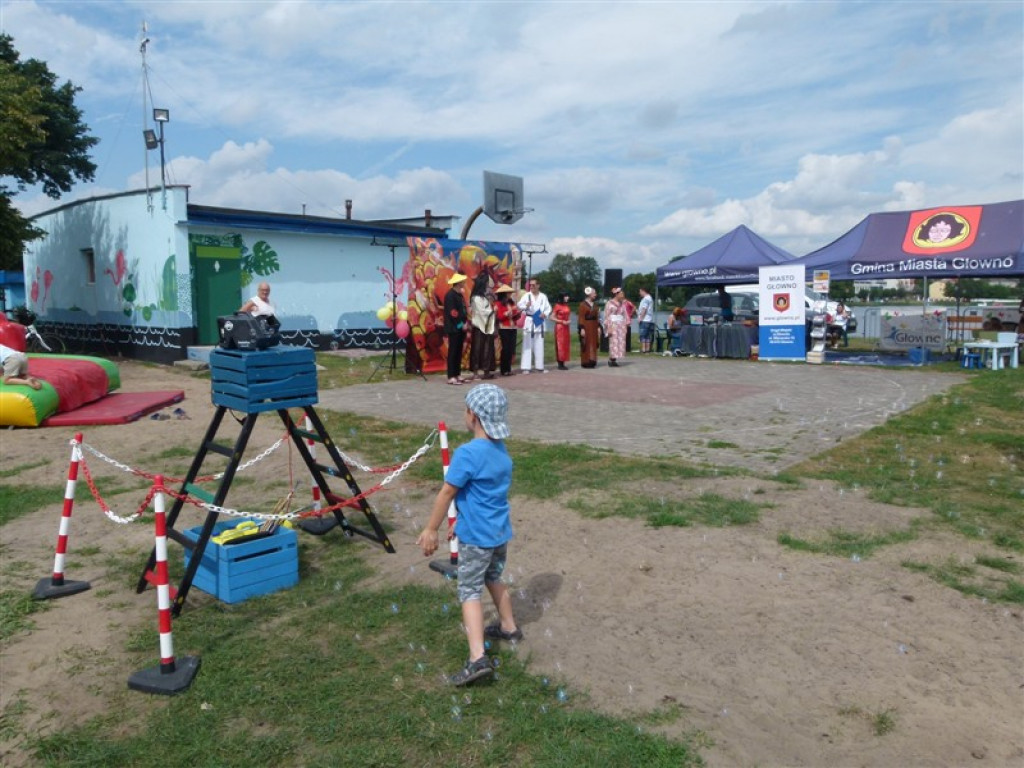 Trwa piknik nad zalewem Mrożyczka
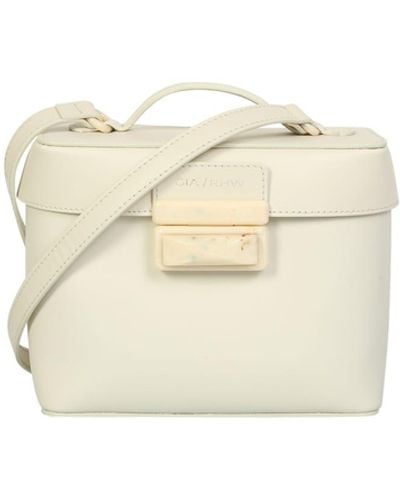 Gia Borghini Combinando Praticitã E Stile Presenta Questa Tote Bag Caratterizzata Da Una Silhouette Squadrata - White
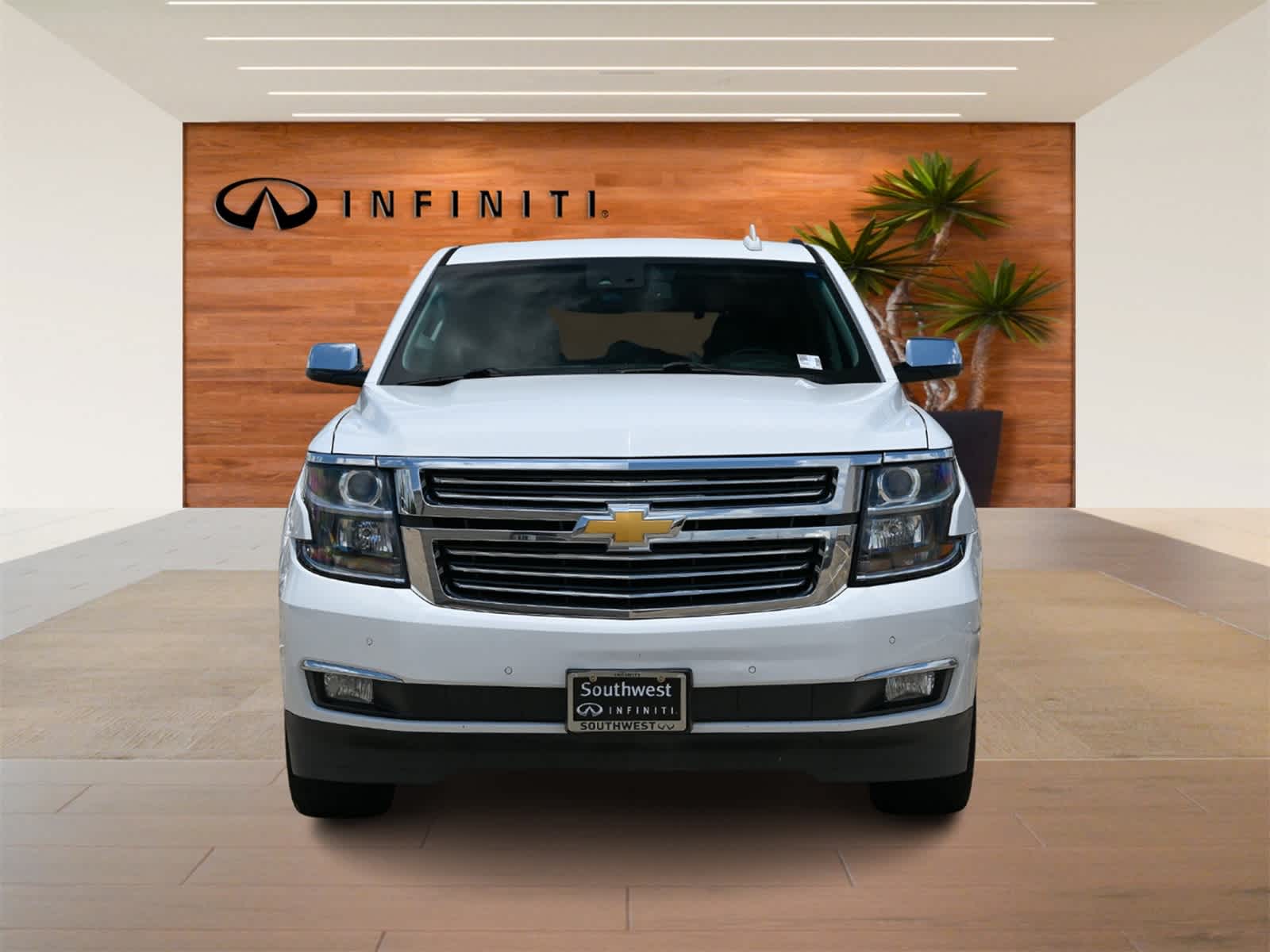 2016 Chevrolet Suburban LTZ 2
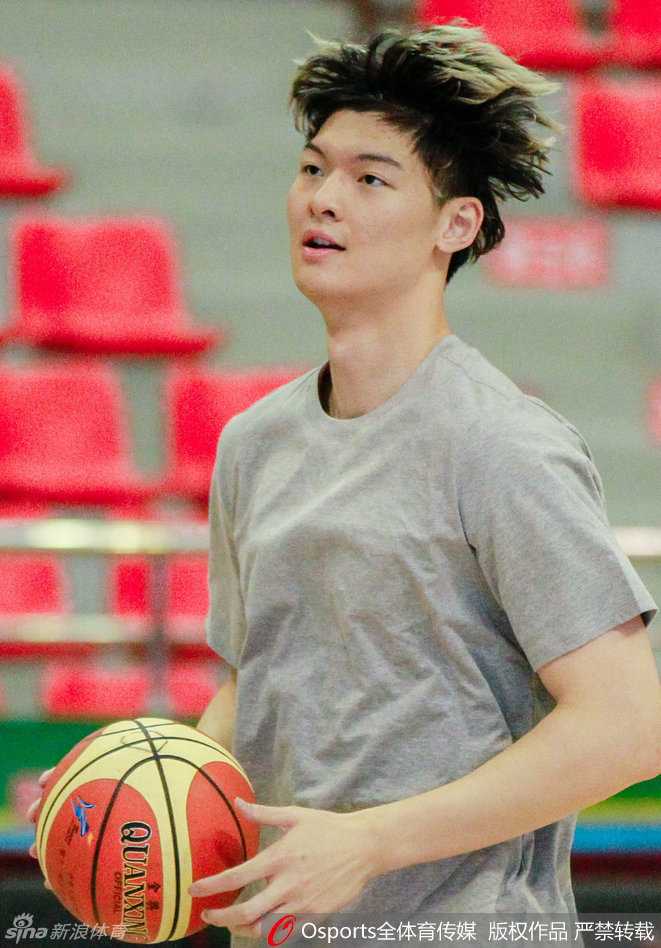 训练间隙，王哲林与队友交流，清爽的发型下露出轻松的笑容，展现出福建男篮备战时的良好队内氛围。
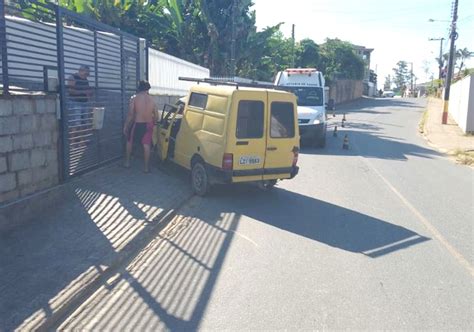 Motorista Perde Controle De Fiorino E Colide Contra Muro De Casa Em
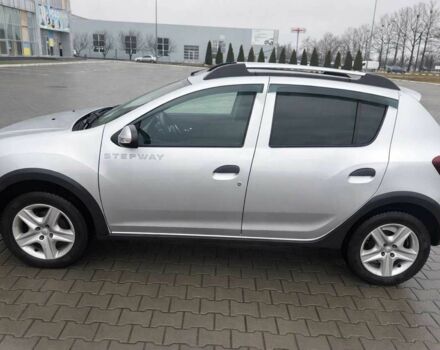 Сірий Рено Сандеро, об'ємом двигуна 1.5 л та пробігом 2 тис. км за 9000 $, фото 1 на Automoto.ua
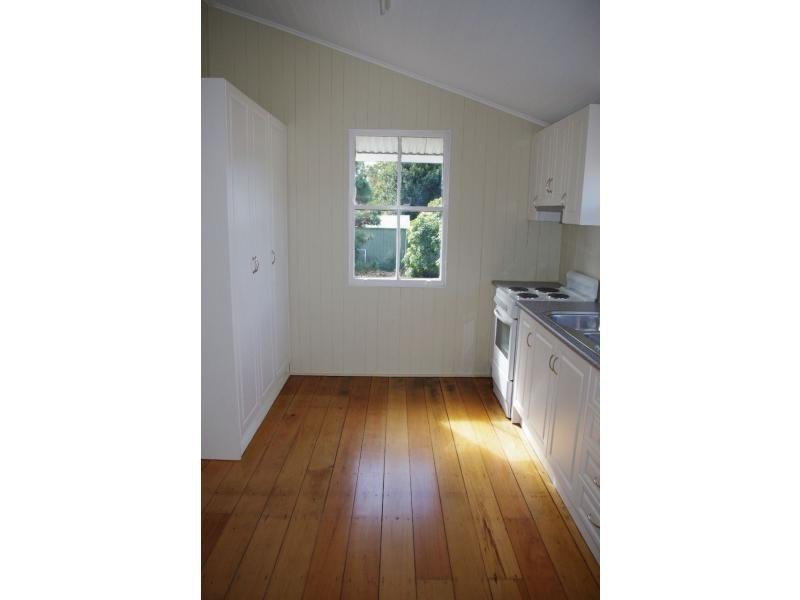 18 Wake, Macleay Island QLD 4184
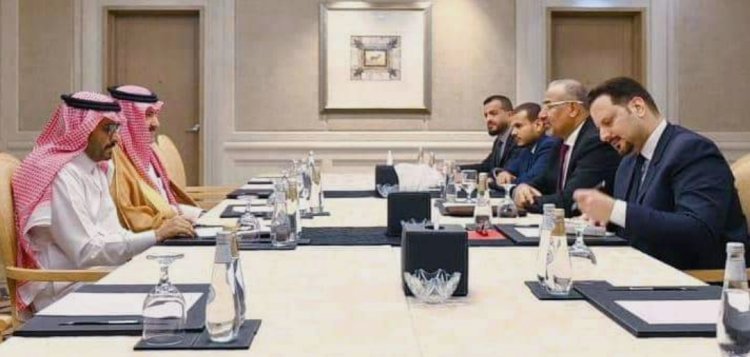 الرئيس الزُبيدي يثمن جهود المملكة العربية السعودية لإحلال السلام وتحقيق الاستقرار في بلادنا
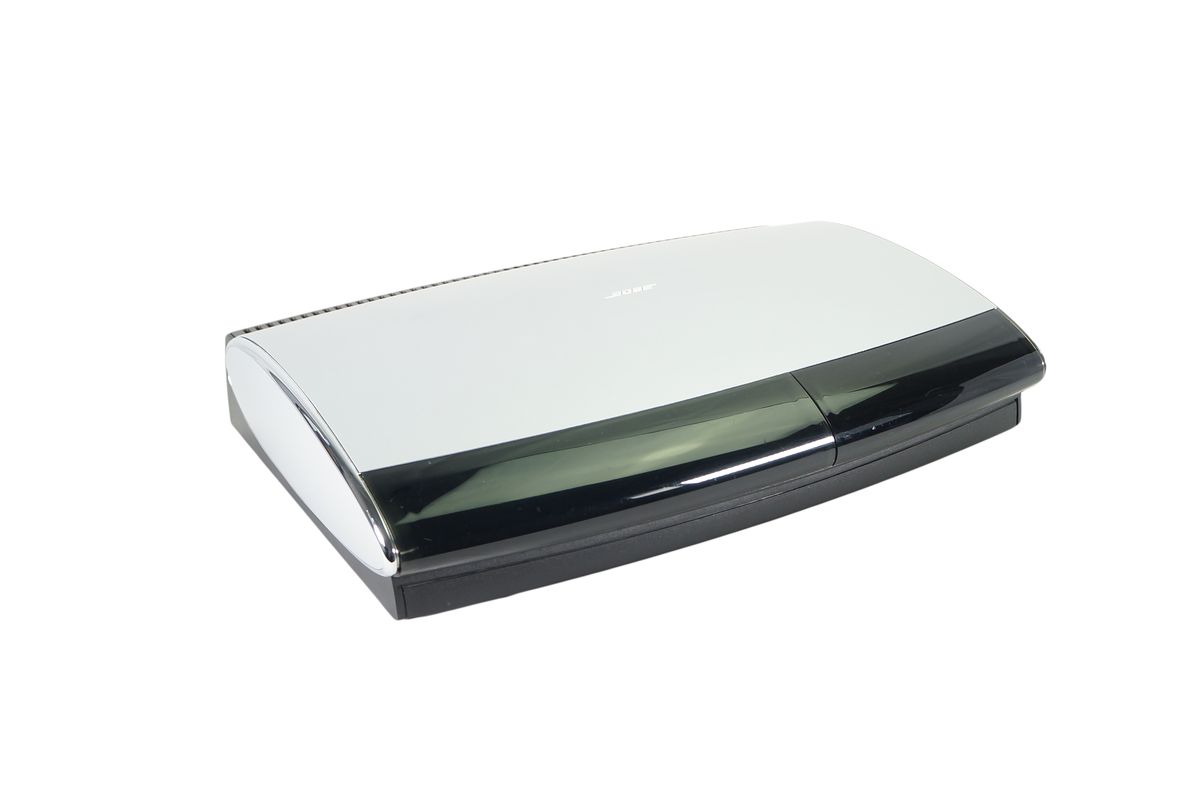 Bose_Lifestyle_18_AV_18_AV18_Media_Center_03_result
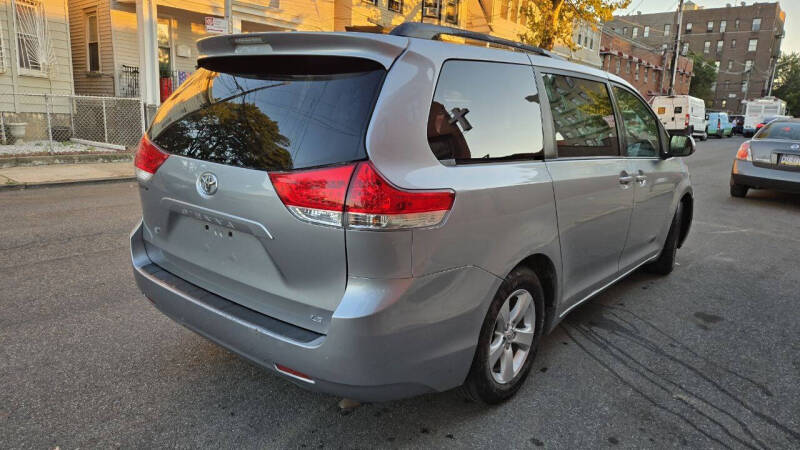 2014 Toyota Sienna LE 7-Passenger Auto Access Seat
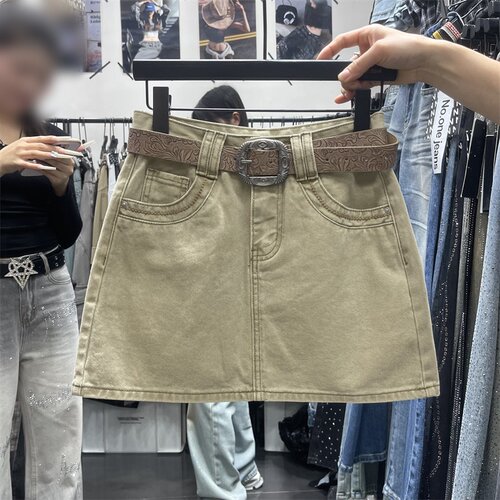 刺绣翻盖设计翘臀牛仔短裙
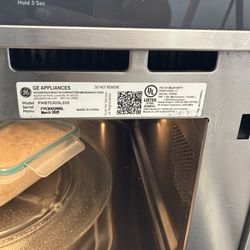 Microwave oven drawer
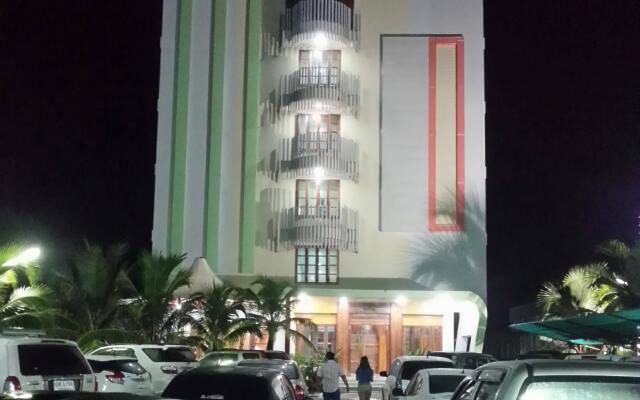 Nakara Montra Hotel вид на фасад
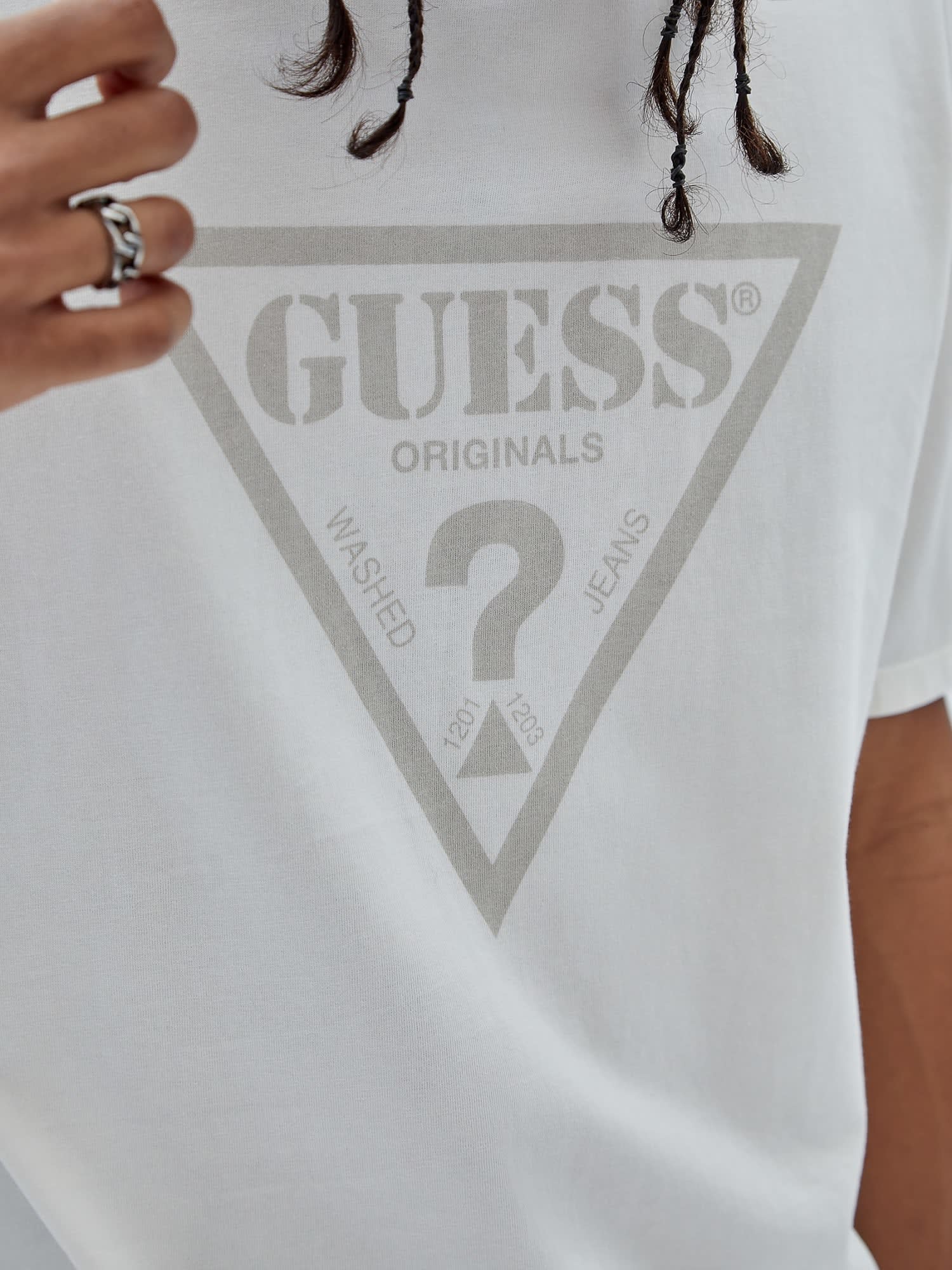 ゲス GUESS Originals Triangle Tee(507032083) | ゲス(GUESS) - d fashion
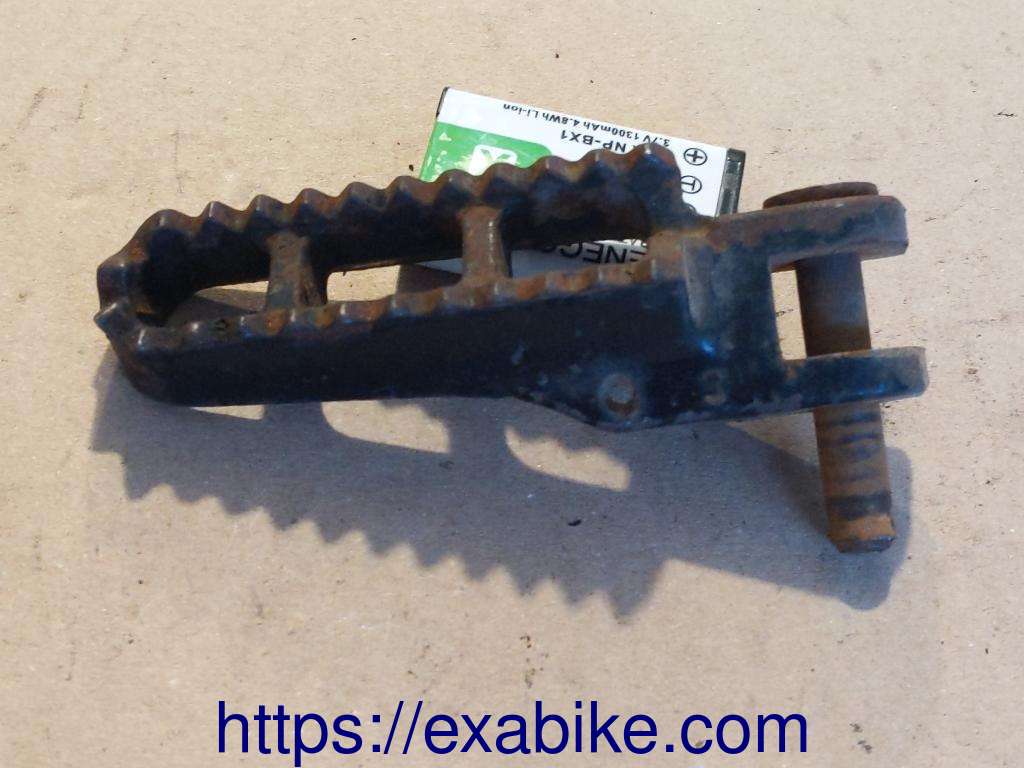 footrest, front left Suzuki DR 400 - photo 1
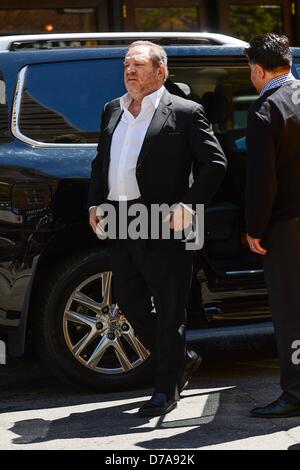 New York, Stati Uniti d'America. Il 1 maggio 2013. Harvey Weinstein, entra nel suo ufficio di Tribeca fuori e circa per celebrità CANDIDS - MER, Tribeca, New York, NY Maggio 1, 2013. Foto di: Ray Tamarra/Everett Collection Foto Stock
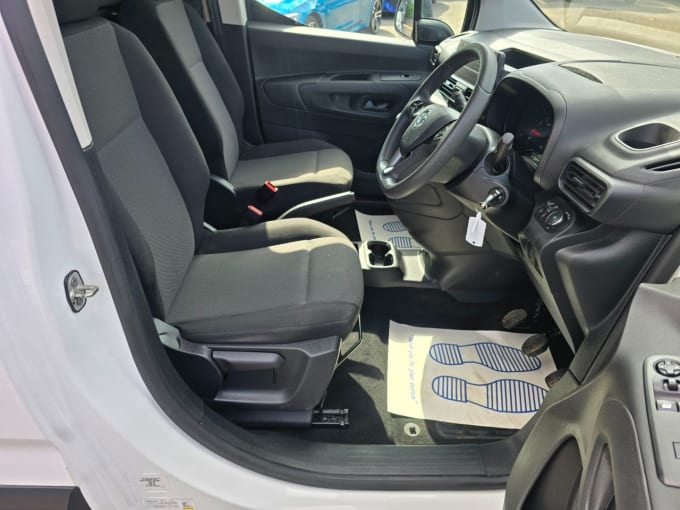 2025 Vauxhall Combo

■ Activity
Once the line with "18 Wake, Macleay Island QLD 4184" has been found above, output that line and every later line exactly, stopping after the line with "刺绣翻盖设计翘臀牛仔短裙", and omit the pictures.

■ Answer for this exercise
 18 Wake, Macleay Island QLD 4184
 الرئيس الزُبيدي يثمن جهود المملكة العربية السعودية لإحلال السلام وتحقيق الاستقرار في بلادنا
 Bose_Lifestyle_18_AV_18_AV18_Media_Center_03_result
 2014 Toyota Sienna LE 7-Passenger Auto Access Seat
 刺绣翻盖设计翘臀牛仔短裙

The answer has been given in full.